== INPUT FOR THIS TASK ==

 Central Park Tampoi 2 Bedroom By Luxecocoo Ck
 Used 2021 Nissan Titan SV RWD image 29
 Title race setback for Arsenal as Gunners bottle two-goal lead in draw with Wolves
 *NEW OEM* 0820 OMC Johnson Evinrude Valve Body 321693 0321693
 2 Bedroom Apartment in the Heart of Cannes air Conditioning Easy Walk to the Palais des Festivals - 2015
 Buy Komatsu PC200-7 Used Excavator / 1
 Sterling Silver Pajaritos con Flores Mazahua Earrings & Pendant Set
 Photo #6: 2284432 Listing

== PROBLEM TO WORK ON ==
Every entry must be retyped in full, exactly as given.

== SOLVED EXERCISE ==
 Central Park Tampoi 2 Bedroom By Luxecocoo Ck
 Used 2021 Nissan Titan SV RWD image 29
 Title race setback for Arsenal as Gunners bottle two-goal lead in draw with Wolves
 *NEW OEM* 0820 OMC Johnson Evinrude Valve Body 321693 0321693
 2 Bedroom Apartment in the Heart of Cannes air Conditioning Easy Walk to the Palais des Festivals - 2015
 Buy Komatsu PC200-7 Used Excavator / 1
 Sterling Silver Pajaritos con Flores Mazahua Earrings & Pendant Set
 Photo #6: 2284432 Listing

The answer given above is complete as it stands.